Recalculating . . .

A funny thing happened on the way to writing this, and coming up with a title reminded me of something my sister used to laugh about. When she moved to New York City, she worked for a visiting-nurse program and her clients were strewn across all five boroughs. The job came with a car and a navigation system, and every time she made a wrong turn, which was often, it would somberly intone, “Re…cal …cu…lating.”  My sister called it her Higher Power. These days, I’m calling on it too.

This was supposed to be a pleased-as-punch announcement of Ageist? Sexist? Who, Me?, Old School’s new guide to starting a consciousness-raising group, this one around the intersection of ageism and sexism. It’s very good. As an older woman, there’s no intersection I inhabit more fully. As a writer, there’s no intersection I know more about. I’ll go to my grave proud of the fact that my first serious book, Cutting Loose: Why Women Who End Their Marriages Do So Well, earned me a place on Phyllis Schafley’s Eagle Forum Enemies List.
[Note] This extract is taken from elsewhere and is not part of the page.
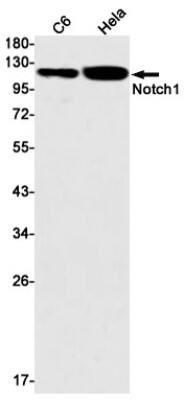 Western Blot: Notch-1 Antibody (S02-2G9) [NBP3-19583] - Western blot detection of Notch-1 in C6, Hela cell lysates using NBP3-19583 (1:1000 diluted). Predicted band size: 273kDa. Observed band size: 120kDa.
The guide contains a section I’m especially pleased with, called Learning from the Women’s Movement. It’s about how the movement has centered whiteness and failed to address issues faced by more marginalized women, and how middle-class white women need do to better. I invoked it at length last month at the inaugural meeting of The Biddies, a group convened by Old School to bring ageism into the many emerging conversations around women and aging. Yet the attendees were overwhelmingly white, cis, older women. Called out by allies of color—special thanks to Mariann Aalda for doing so during the Zoom and to Alejandra Garcia for offering to reach out to Latinx and college groups—and realizing that to proceed would be to perpetuate the very system I hope to help dismantle, I am recalibrating.
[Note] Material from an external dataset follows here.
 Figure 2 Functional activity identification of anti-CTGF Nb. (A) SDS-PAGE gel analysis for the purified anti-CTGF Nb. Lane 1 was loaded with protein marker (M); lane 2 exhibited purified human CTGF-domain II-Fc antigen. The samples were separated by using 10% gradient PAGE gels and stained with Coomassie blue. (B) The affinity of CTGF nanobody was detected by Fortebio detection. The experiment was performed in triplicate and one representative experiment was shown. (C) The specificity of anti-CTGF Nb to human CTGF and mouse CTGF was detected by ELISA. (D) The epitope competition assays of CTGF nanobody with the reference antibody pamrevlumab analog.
We (the three co-founders of Old School) are starting with a meeting that a small group of women of color have generously agreed to attend, to talk about making our work more relevant to their communities. We’ll listen hard and hope to emerge with next steps for diversifying the Biddies, or whatever the group becomes, and for applying those lessons to the anti-ageism movement as a whole.

I know you can’t retrofit diversity. I’ve been talking the talk for a long time. But when it came to walking the walk, I screwed up. I’m fine with admitting that, but tongue-tied and miserable when the screw-up involves blindness to my own white privilege. “It takes practice,” says my colleague Ryan Backer, a long-time anti-racist activist, both encouraging and gently admonishing me. I’m lucky to have Ryan, and many other non-cis, non-white, non-straight, non-old friends and allies. Stay tuned to see where this takes us.
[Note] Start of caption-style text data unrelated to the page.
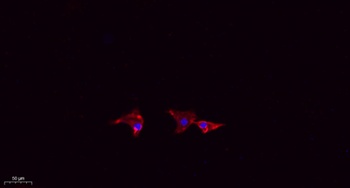 Mfn2 antibody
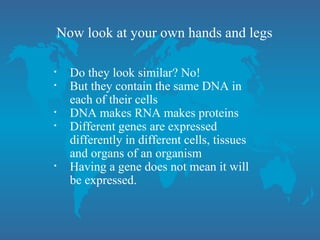 Now look at your own hands and legs
• Do they look similar? No!
• But they contain the same DNA in
each of their cells
• DNA makes RNA makes proteins
• Different genes are expressed
differently in different cells, tissues
and organs of an organism
• Having a gene does not mean it will
be expressed.
 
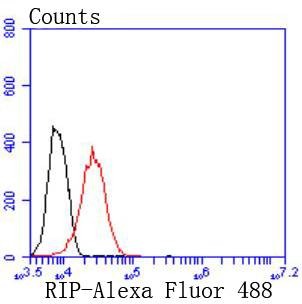 Anti-RIPK1 Antibody (1B304)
One place it’s already taken me is into a radical reconsideration of whether our consciousness-raising guides are the best tool to catalyze intersectional activism. Can we do better? What might that look like? More to come on that in Recalibrating, Part Two.

2 thoughts on “Recalculating . . .

  1. Looking forward to Part Two, Ashton. Thank you for being so aware, for seeing that a shift is called for. I’m with you all the way!